Akciğer Su Toplaması Tanı Yöntemleri
Akciğer su toplaması vakalarının tespit edilmesi için öncelikle hasta öyküsü dinlenir ve fiziki muayene uygulanır. Daha sonra hastanın normal ve ritmik nefes alıp vermesi istenerek semptomları değerlendirilir. Çoğu vakada solunum sesi duyulmaz fakat hekimin gerekli görmesi halinde tanı kesinliği için çeşitli radyolojik tetkikler istenebilir. Genel olarak tanı kesinliği için akciğer grafisi ve bilgisayarlı tomografi yeterlidir. Her iki tetkik sonucu plörezi tanısı ve kaynak hastalık net şekilde saptanabilir. Bazı durumlarda tanı aşamasına ultrasonografi de dahil edilebilir ve böylece biriken sıvının miktarı ile yeri hakkında bilgi sağlanır. Bu yöntemlere ek olarak şu tetkikler de tanılamaya yardımcı olabilir:
Torasentez
Göğüs bölgesinden enjektör kullanılarak sıvı örneği alınması işlemidir ve tanıyı netleştirmek için kullanılır. Bu uygulama sıvı artışına bağlı oluşan nefes darlığı şikayetinin giderilmesine de yardımcı olur.
Biyopsi
Diğer bütün yöntemlere rağmen tanı almamış vakalarda hekim plevradan parça alarak laboratuvarda inceleme yöntemine başvurabilir. Bu işlem kapalı ve açık olmak üzere iki farklı şekilde yapılır. Kapalı işlemde özel bir iğne yardımıyla plevra boşluğuna ulaşılırken açık yöntemde küçük bir kesi yapılması gerekir.

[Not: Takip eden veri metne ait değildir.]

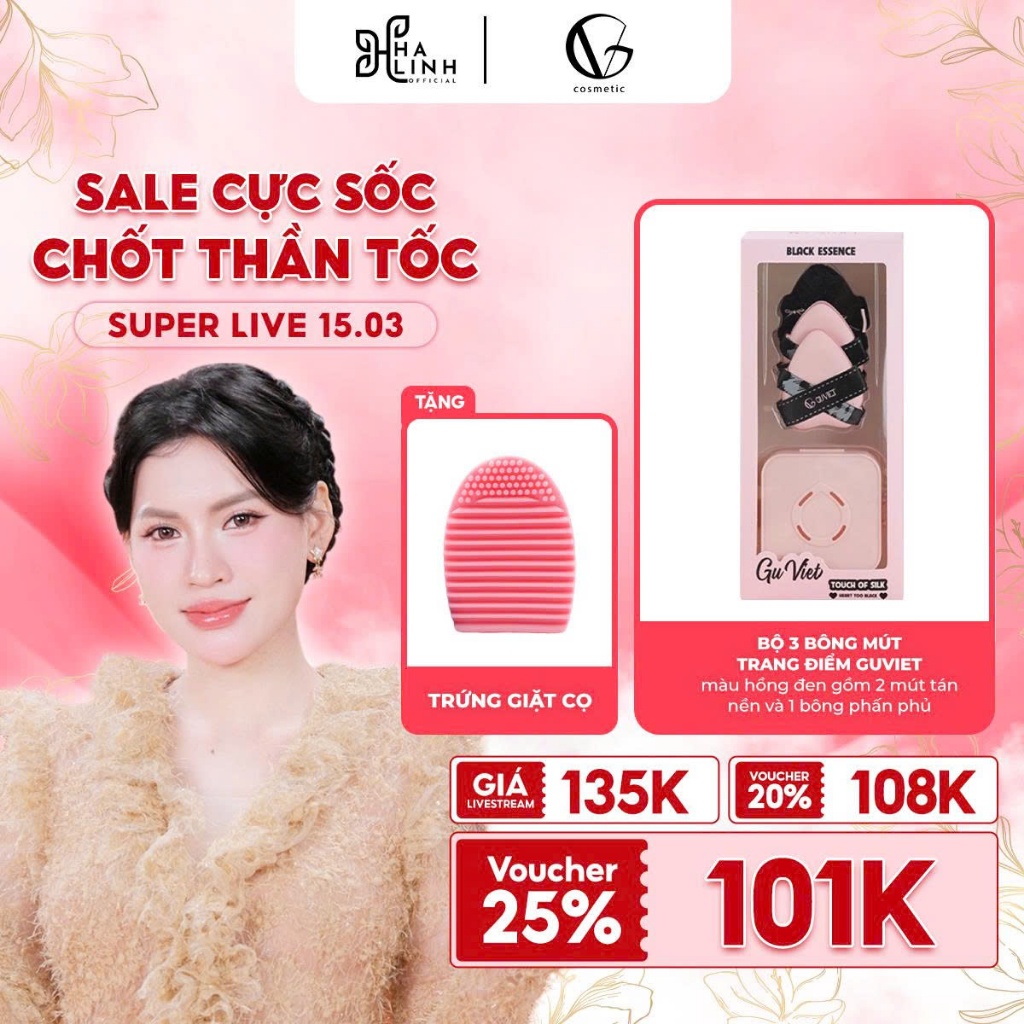 [Võ Hà Linh x GUVIET] Bộ 3 bông mút trang điểm GUVIET màu hồng đen kèm trứng giặt cọ 200gr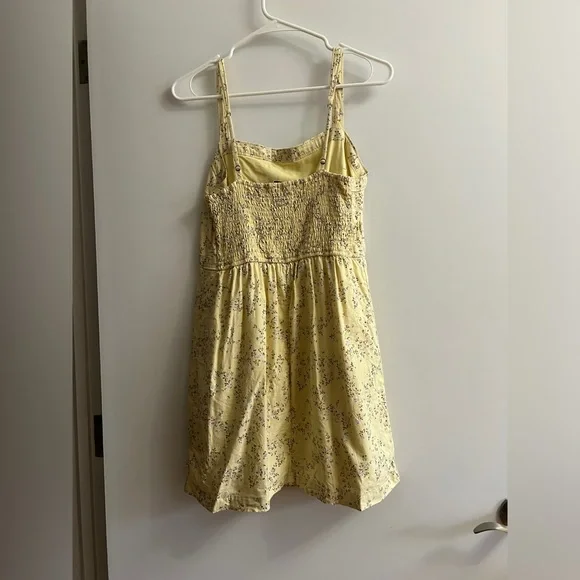 Linen yellow floral dress - Picture 2 of 5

Akciğer Su Toplaması Nasıl Tedavi Edilir?
Plörezi tanısı alan vakalarda gerekli tedavi uygulamalarına başlanabilir ancak sorunu kökünden çözmek için kesin teşhis son derece önemlidir. Plörezi oluşumuna sebebiyet veren duruma göre tedavi de kendi içinde değişir.
- Enfeksiyon kaynaklı vakalarda hekimin reçete ettiği antibiyotik takviyeli ilaçları kullanmak yeterlidir.
- Verem hastalarında ana tedaviye destek olan uygun ilaç tedavisine başlanır.
- Kalp yetmezliği kaynaklı durumlarda idrar söktürücü ilaçlar kullanılır.
- Akciğer kanseri ve benzeri ağır hastalıklarda tedavi onkoloji birimiyle birlikte yönlendirilir ve daha kompleks çalışmalar içerir. İleri safhalı vakalarda drenaj ve dekortikasyon gibi cerrahi operasyonlar uygulanabilir. Bu şekilde bölgede biriken sıvının tahliyesi sağlanır.
- Kanser hücrelerinin plevra duvarında bulunması halinde plevra kalınlaşarak sıvı geçişini önler. Bu nedenle bölgedeki kalınlığın cerrahi operasyon ile temizlenmesi gerekir.
Her hastalıkta olduğu gibi akciğer su toplaması vakalarında da erken ve doğru teşhis oldukça önemlidir. Bu şekilde hastalığın ilerlemesi önlenebilir ve hastanın nispeten daha kısa sürede iyileşmesi sağlanabilir. Tedavi süreci ve sonrası iyileşme dönemi, hastalığın altında yatan durumun ciddiyetine göre farklılık gösterir. Genellikle başka ciddi bir rahatsızlıktan kaynaklanmayan plörezi vakalarının tedavisi oldukça kolay ve hızlıdır, kanser gibi hastalıklar nedeniyle gelişen vakaların ise daha uzun süreli bir tedaviye gereksinimi olur. Bu süreçte hekim deneyimi ve özeni, hem altta yatan hastalığın kısa sürede tanı almasını hem de uygun tedavinin en iyi şekilde planlanmasını sağlar.